Task goal: Repeat exactly each line of the data provided below.
>>>>>
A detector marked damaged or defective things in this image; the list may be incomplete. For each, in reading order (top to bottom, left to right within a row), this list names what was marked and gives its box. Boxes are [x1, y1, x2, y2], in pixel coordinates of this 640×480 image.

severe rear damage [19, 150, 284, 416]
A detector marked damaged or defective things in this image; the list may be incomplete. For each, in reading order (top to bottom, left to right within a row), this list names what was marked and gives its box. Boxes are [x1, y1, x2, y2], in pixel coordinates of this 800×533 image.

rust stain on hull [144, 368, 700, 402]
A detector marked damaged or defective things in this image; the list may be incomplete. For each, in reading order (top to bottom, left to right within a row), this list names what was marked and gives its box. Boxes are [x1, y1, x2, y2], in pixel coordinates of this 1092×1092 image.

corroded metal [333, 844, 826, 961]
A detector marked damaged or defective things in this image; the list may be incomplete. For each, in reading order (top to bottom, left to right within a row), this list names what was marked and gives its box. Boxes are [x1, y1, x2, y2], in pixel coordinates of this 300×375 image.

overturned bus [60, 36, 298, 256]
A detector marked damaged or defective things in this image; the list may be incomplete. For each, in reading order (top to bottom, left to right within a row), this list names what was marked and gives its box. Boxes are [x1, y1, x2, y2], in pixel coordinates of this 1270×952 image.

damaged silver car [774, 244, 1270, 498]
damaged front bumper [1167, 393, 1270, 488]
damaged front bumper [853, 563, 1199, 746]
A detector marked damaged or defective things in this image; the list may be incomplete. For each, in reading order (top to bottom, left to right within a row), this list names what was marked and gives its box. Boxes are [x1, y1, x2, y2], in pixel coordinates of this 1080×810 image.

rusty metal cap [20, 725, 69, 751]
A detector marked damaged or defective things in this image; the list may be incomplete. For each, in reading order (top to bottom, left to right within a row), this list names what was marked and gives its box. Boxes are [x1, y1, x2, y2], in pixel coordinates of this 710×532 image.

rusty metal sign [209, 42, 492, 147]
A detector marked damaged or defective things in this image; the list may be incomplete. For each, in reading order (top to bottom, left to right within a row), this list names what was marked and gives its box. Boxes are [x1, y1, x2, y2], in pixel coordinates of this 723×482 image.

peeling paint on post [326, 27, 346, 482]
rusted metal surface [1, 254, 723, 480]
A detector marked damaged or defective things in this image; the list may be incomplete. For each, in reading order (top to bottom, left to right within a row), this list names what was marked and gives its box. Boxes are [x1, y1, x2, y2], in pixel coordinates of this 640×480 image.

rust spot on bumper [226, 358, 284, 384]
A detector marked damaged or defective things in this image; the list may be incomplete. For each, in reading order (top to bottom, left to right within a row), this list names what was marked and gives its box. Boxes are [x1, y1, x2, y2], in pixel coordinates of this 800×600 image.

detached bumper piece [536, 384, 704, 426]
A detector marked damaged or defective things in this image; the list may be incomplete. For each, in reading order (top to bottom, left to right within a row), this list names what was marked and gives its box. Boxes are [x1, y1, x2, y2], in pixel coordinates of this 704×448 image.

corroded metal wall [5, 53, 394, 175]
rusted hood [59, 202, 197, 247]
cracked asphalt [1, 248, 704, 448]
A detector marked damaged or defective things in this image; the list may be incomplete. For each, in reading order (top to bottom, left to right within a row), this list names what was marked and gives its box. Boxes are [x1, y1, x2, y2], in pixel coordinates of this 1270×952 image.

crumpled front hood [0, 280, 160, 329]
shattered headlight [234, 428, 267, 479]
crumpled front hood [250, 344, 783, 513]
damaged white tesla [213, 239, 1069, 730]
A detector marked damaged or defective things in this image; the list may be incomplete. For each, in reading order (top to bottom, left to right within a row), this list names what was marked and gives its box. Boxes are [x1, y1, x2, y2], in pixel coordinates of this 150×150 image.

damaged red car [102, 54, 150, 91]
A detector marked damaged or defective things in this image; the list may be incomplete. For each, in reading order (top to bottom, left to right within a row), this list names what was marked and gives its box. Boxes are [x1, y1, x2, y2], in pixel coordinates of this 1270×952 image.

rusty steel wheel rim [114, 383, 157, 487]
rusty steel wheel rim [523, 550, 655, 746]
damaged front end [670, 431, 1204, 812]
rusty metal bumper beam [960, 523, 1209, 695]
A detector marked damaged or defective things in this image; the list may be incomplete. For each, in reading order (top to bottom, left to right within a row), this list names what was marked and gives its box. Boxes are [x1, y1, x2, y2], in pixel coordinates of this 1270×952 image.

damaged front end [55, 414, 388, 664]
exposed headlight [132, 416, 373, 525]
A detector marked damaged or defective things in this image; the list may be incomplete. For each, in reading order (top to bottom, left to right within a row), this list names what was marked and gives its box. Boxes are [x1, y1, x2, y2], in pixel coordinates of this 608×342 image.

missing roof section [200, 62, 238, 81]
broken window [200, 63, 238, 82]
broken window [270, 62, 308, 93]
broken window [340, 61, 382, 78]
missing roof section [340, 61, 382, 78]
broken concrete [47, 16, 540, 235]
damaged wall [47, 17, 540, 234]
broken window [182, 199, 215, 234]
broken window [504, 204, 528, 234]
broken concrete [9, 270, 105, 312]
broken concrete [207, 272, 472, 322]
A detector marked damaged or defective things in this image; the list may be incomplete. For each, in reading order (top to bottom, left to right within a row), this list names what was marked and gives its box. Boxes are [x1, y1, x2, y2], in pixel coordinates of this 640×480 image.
<<<<<
Output for this task:
A detector marked damaged or defective things in this image; the list may be incomplete. For each, in reading order (top to bottom, left to right within a row), this list names what was marked and gives its box. Boxes are [x1, y1, x2, y2], in pixel coordinates of this 640×480 image.

severe rear damage [19, 150, 284, 416]
A detector marked damaged or defective things in this image; the list may be incomplete. For each, in reading order (top to bottom, left to right within a row), this list names what was marked and gives its box. Boxes are [x1, y1, x2, y2], in pixel coordinates of this 800×533 image.

rust stain on hull [144, 368, 700, 402]
A detector marked damaged or defective things in this image; the list may be incomplete. For each, in reading order (top to bottom, left to right within a row), this list names what was marked and gives its box. Boxes are [x1, y1, x2, y2], in pixel coordinates of this 1092×1092 image.

corroded metal [333, 844, 826, 961]
A detector marked damaged or defective things in this image; the list may be incomplete. For each, in reading order (top to bottom, left to right within a row), this list names what was marked and gives its box. Boxes are [x1, y1, x2, y2], in pixel coordinates of this 300×375 image.

overturned bus [60, 36, 298, 256]
A detector marked damaged or defective things in this image; the list may be incomplete. For each, in reading order (top to bottom, left to right within a row), this list names what was marked and gives its box. Boxes are [x1, y1, x2, y2], in pixel coordinates of this 1270×952 image.

damaged silver car [774, 244, 1270, 498]
damaged front bumper [1167, 393, 1270, 488]
damaged front bumper [853, 563, 1199, 746]
A detector marked damaged or defective things in this image; the list may be incomplete. For each, in reading order (top to bottom, left to right within a row), this list names what was marked and gives its box. Boxes are [x1, y1, x2, y2], in pixel coordinates of this 1080×810 image.

rusty metal cap [20, 725, 69, 751]
A detector marked damaged or defective things in this image; the list may be incomplete. For each, in reading order (top to bottom, left to right within a row), this list names what was marked and gives its box. Boxes are [x1, y1, x2, y2], in pixel coordinates of this 710×532 image.

rusty metal sign [209, 42, 492, 147]
A detector marked damaged or defective things in this image; the list may be incomplete. For each, in reading order (top to bottom, left to right within a row), this list names what was marked and gives its box. Boxes are [x1, y1, x2, y2], in pixel coordinates of this 723×482 image.

peeling paint on post [326, 27, 346, 482]
rusted metal surface [1, 254, 723, 480]
A detector marked damaged or defective things in this image; the list may be incomplete. For each, in reading order (top to bottom, left to right within a row), this list names what was marked and gives its box. Boxes are [x1, y1, x2, y2], in pixel coordinates of this 640×480 image.

rust spot on bumper [226, 358, 284, 384]
A detector marked damaged or defective things in this image; the list may be incomplete. For each, in reading order (top to bottom, left to right within a row), this list names what was marked and gives its box. Boxes are [x1, y1, x2, y2], in pixel coordinates of this 800×600 image.

detached bumper piece [536, 384, 704, 426]
A detector marked damaged or defective things in this image; the list may be incomplete. For each, in reading order (top to bottom, left to right within a row), this list names what was marked and gives its box. Boxes are [x1, y1, x2, y2], in pixel coordinates of this 704×448 image.

corroded metal wall [5, 53, 394, 175]
rusted hood [59, 202, 197, 247]
cracked asphalt [1, 248, 704, 448]
A detector marked damaged or defective things in this image; the list may be incomplete. For each, in reading order (top to bottom, left to right within a row), this list names what was marked and gives its box. Boxes are [x1, y1, x2, y2], in pixel coordinates of this 1270×952 image.

crumpled front hood [0, 280, 160, 329]
shattered headlight [234, 428, 267, 479]
crumpled front hood [250, 344, 783, 513]
damaged white tesla [213, 239, 1069, 730]
A detector marked damaged or defective things in this image; the list may be incomplete. For each, in reading order (top to bottom, left to right within a row), this list names what was marked and gives its box. Boxes are [x1, y1, x2, y2], in pixel coordinates of this 150×150 image.

damaged red car [102, 54, 150, 91]
A detector marked damaged or defective things in this image; the list may be incomplete. For each, in reading order (top to bottom, left to right within a row), this list names what was marked and gives its box. Boxes are [x1, y1, x2, y2], in pixel coordinates of this 1270×952 image.

rusty steel wheel rim [114, 383, 157, 487]
rusty steel wheel rim [523, 550, 655, 746]
damaged front end [670, 431, 1204, 812]
rusty metal bumper beam [960, 523, 1209, 695]
A detector marked damaged or defective things in this image; the list may be incomplete. For each, in reading order (top to bottom, left to right within a row), this list names what was marked and gives its box. Boxes are [x1, y1, x2, y2], in pixel coordinates of this 1270×952 image.

damaged front end [55, 414, 388, 664]
exposed headlight [132, 416, 373, 525]
A detector marked damaged or defective things in this image; the list may be incomplete. For each, in reading order (top to bottom, left to right within a row), this list names what was marked and gives its box. Boxes are [x1, y1, x2, y2], in pixel coordinates of this 608×342 image.

missing roof section [200, 62, 238, 81]
broken window [200, 63, 238, 82]
broken window [270, 62, 308, 93]
broken window [340, 61, 382, 78]
missing roof section [340, 61, 382, 78]
broken concrete [47, 16, 540, 235]
damaged wall [47, 17, 540, 234]
broken window [182, 199, 215, 234]
broken window [504, 204, 528, 234]
broken concrete [9, 270, 105, 312]
broken concrete [207, 272, 472, 322]
A detector marked damaged or defective things in this image; the list may be incomplete. For each, in reading order (top to bottom, left to right within a row), this list names what was marked and gives its box. Boxes are [x1, y1, x2, y2], in pixel coordinates of this 640×480 image.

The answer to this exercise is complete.